RAPAPORT… The United Nations (UN) official overseeing security in the Democratic Republic of the Congo (DRC) urged the Security Council today to provide an additional military brigade force.
“The overall situation is volatile and precarious, and could break down at any time into large-scale conflict without much if any prior warning,” said Roger Meece, the Special Representative of the Secretary-General.
In the diamond-rich southeastern province of Katanga, the situation has reached “alarming proportions,” Meece said, with a major humanitarian crisis that the UN Office for the Coordination of Humanitarian Affairs (OCHA) estimates to include 316,000 displaced people.

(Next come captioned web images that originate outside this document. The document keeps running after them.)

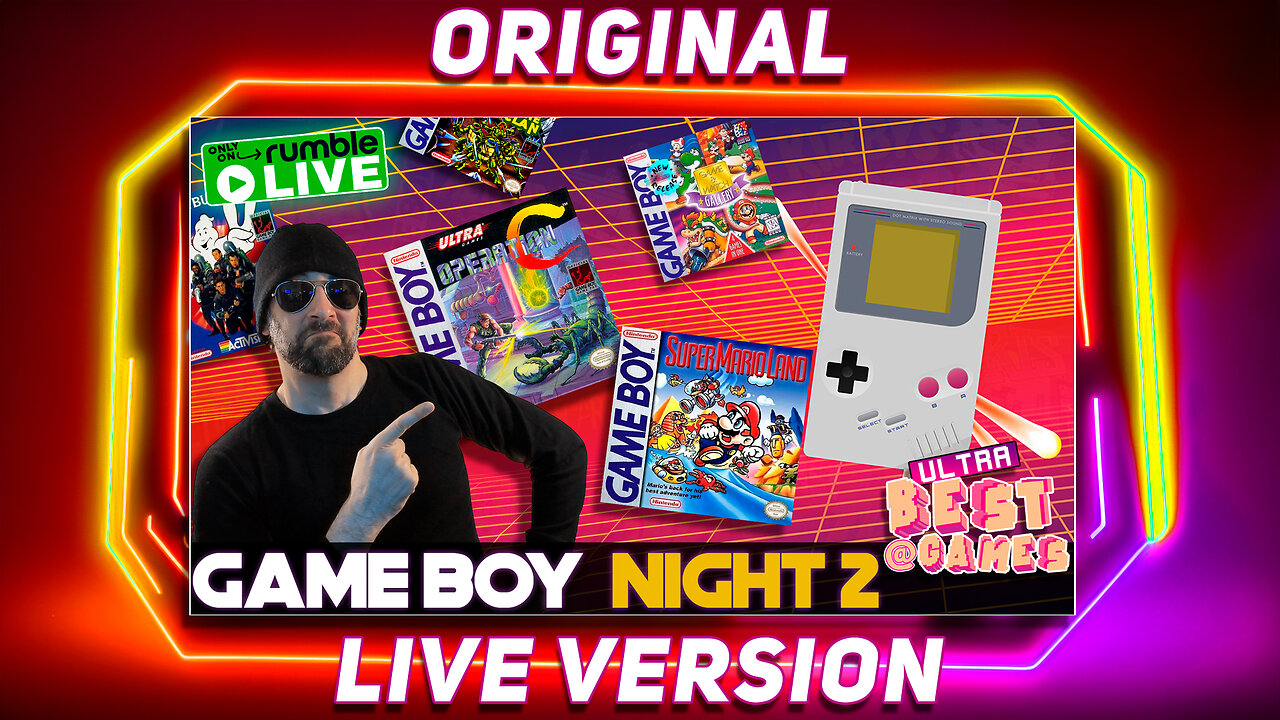 Game Boy Night 2 | ULTRA BEST AT GAMES (Original Live Version)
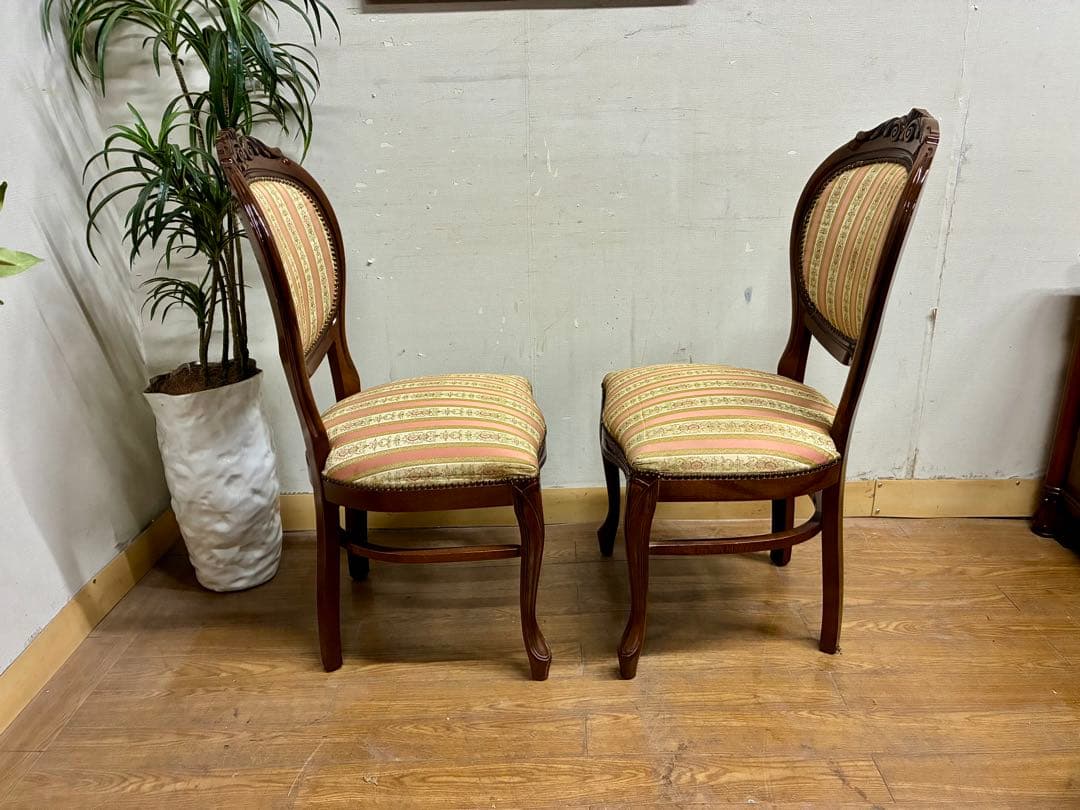 管465☆イタリア製☆アンティーク☆ヴェローナクラシック☆ダイニングチェア☆2脚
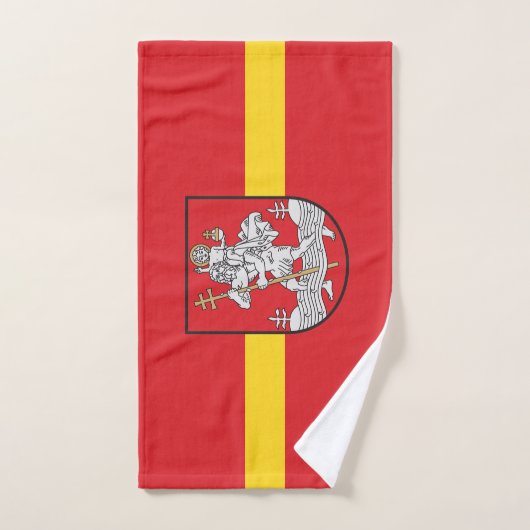 Flagge von Vilnius, Litauen Handtuch (Handtuch)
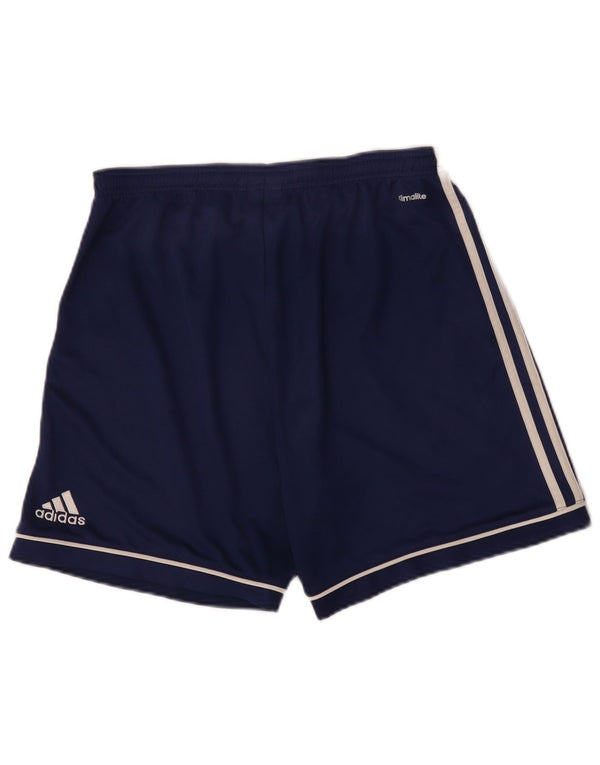 Adidas Mens Climalite Sport Shorts Medium Navy Blue Polyester
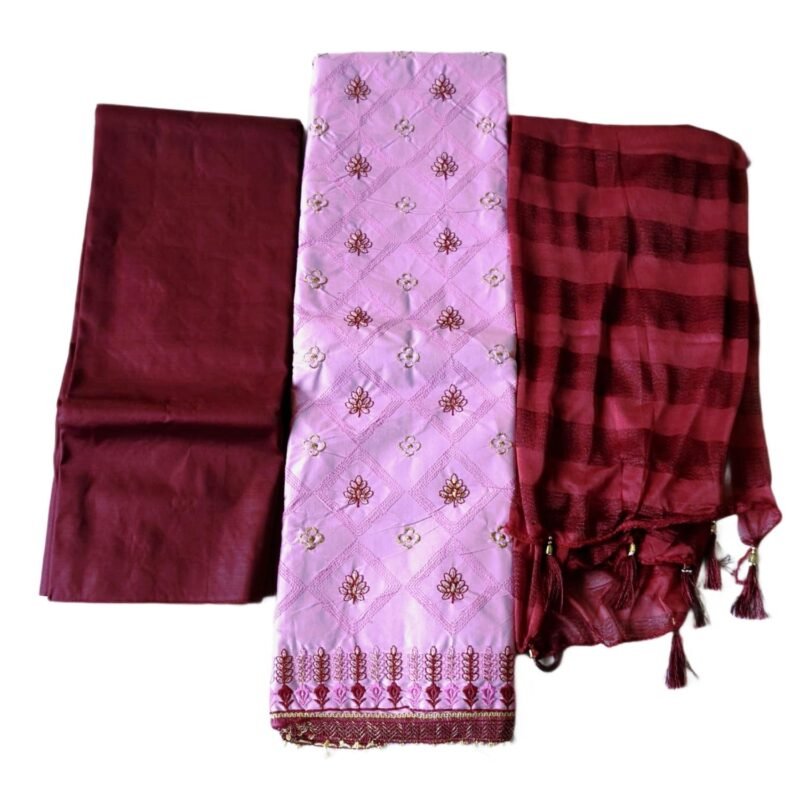 Embroidered Cotton Dress Material Unstitched Unfolded1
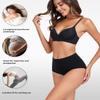 wirarpa Women's Cotton Underwear High Waist Breathable Briefs Soft Underpants Ladies Stretch Panties 4 Pack Dark Black X-Small view 4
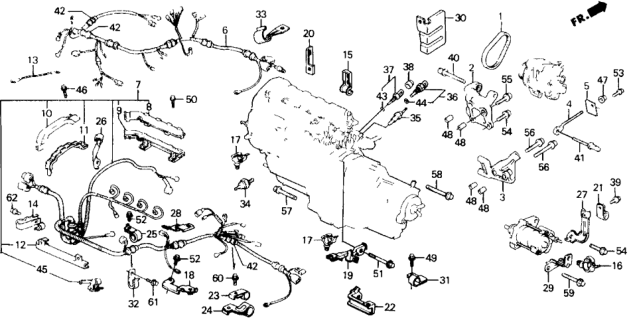 1990 Honda Prelude O-Ring (13.5X1.4) Diagram for 91307-PH7-660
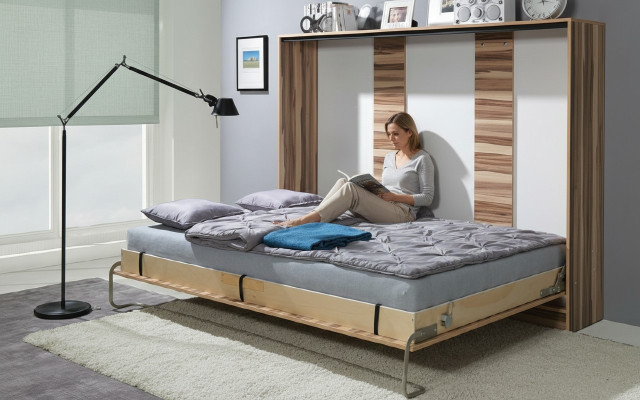 Bett Schrankbett Bettschrank Schrank Betten Kommoden Ausklappbares Bett Neu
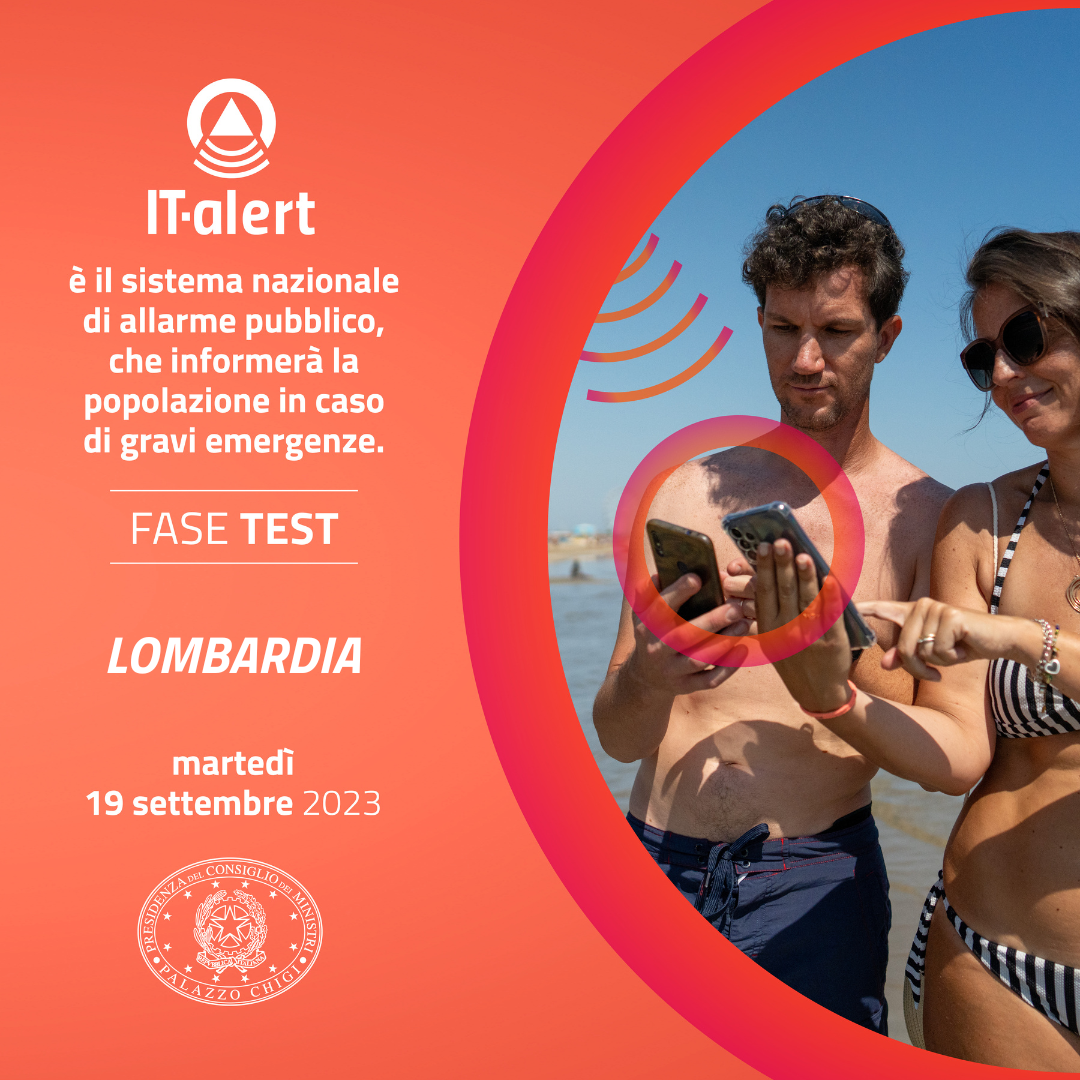 Test IT-alert in Lombardia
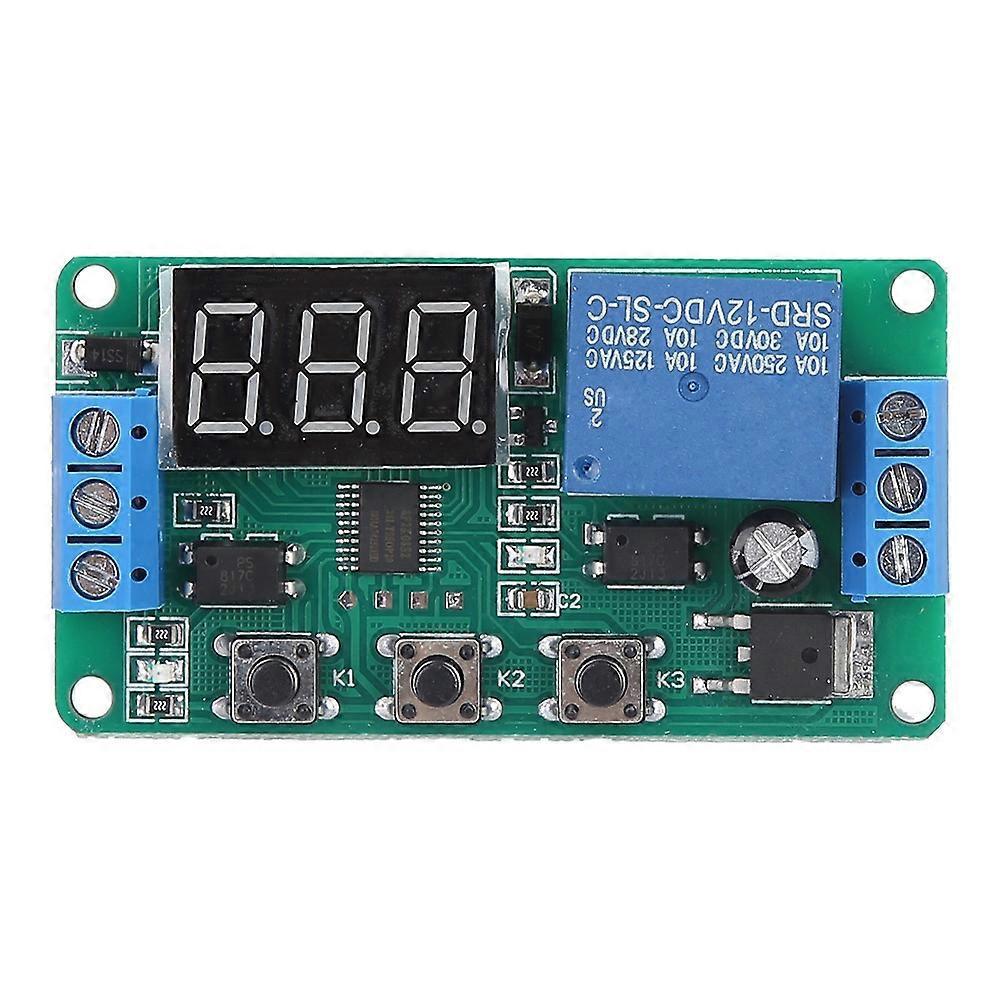 Einkanaliges Timer-steuerschalter-relaismodul, Einstellbarer Triggerzyklus (dc 12v)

Meece added that deteriorating security in Katanga is related to advanced action by Mayi Mayi leader Gédéon, who escaped from prison in 2011, and associated militias such as Kata Katangais and others. Meanwhile, while there has been a general pause in the offensive operations of the 23 March Movement (M23), since their temporary occupation of Goma, the capital of North Kivu province, Meece said there is also no evidence that the forces are pulling back or changing their military posture.
Clashes between the fighters from the M23 and the DRC’s national army (FARDC) have displaced nearly a million people in North Kivu.
Meece told the Council that while the civilian and police components, as well as specialized UN agencies, have worked to respond to the broad and growing range of security and humanitarian problems, “our forces and our resources are stretched very thin over a broad area.”
To improve the protection of civilians in North and South Kivu provinces, the UN is working to deploy unmanned aerial vehicles (UAV) to collect information for the UN Force Commander and to promote deterrence.
“I am convinced that a peace enforcement capability on the ground is a necessary component to achieve the conditions necessary to obtain the engagement and commitments needed by all parties,” Meece said, urging the 15-member Council to authorize such a force.
Meanwhile, Secretary-General Ban Ki-moon is scheduled to attend the signing of the Peace, Security and Cooperation Framework for the DRC and the Region on February 24 in Addis Ababa, Ethiopia. That agreement was supposed to have been signed at the African Union summit on January 28, but it was delayed over what Ki-moon called “procedural issues” and not over any fundamental differences in the agreement.